Epilepsiebehandlung im Klinikum Bayreuth: Eine umfassende Betrachtung

Das Klinikum Bayreuth, insbesondere der Standort Hohe Warte, steht im Fokus von Diskussionen um die Qualität der Epilepsiebehandlung. Dieser Artikel beleuchtet die verschiedenen Aspekte, von Vorwürfen der Patientengefährdung bis hin zuFortschritten in der Diagnostik und Therapie.

Kontroverse um Patientengefährdung und den Fall Victoria H.

Im Jahr 2017 kam es am Klinikum Bayreuth zu einem Todesfall der 19-jährigen Epilepsie-Patientin Victoria H., der eine Reihe von Kontroversen auslöste. Zwei hochqualifizierte Neurologen, Silvia Vieker und Jörg Schmitt, erhoben Vorwürfe gegen das Klinikum, Patienten zu gefährden, und wurden daraufhin entlassen. Sie rekonstruierten den Fall von Victoria H. anhand ihrer Krankenakte und warfen dem Klinikum ein Mitverschulden an ihrem Tod vor.

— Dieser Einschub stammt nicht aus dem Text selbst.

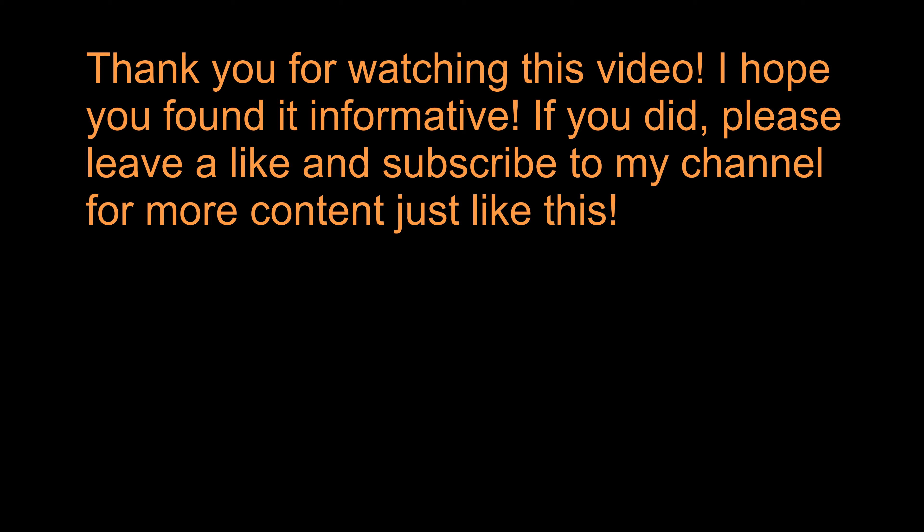Before this video starts, please don't forget to subscribe and hit the bell so that you don't miss any future tech tutorials.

Die Mutter von Victoria H. äußerte sich erstmals und gab an, sich vom Klinikum oft alleingelassen gefühlt zu haben. Im Jahr vor ihrem Tod hatte Victoria H. immer wieder anfallsartige Zustände mit Schwindel, Kopfschmerzen und Übelkeit. Trotz Anrufen in der Klinik sei eine stationäre Aufnahme als nicht notwendig erachtet worden.

Das Klinikum Bayreuth wies die Vorwürfe zurück und berief sich auf ein externes Gutachten, das die Klinik von jeglicher Schuld freisprach. Dieses Gutachten wurde jedoch unter Verschluss gehalten und stieß auf Kritik, da es angeblich nur stichprobenartig erfolgte und keine Patientenakten eingesehen oder Einzelgespräche mit Mitarbeitern geführt wurden. Die Mutter von Victoria H. und ihr Verlobter wurden laut eigenen Angaben ebenfalls nicht befragt.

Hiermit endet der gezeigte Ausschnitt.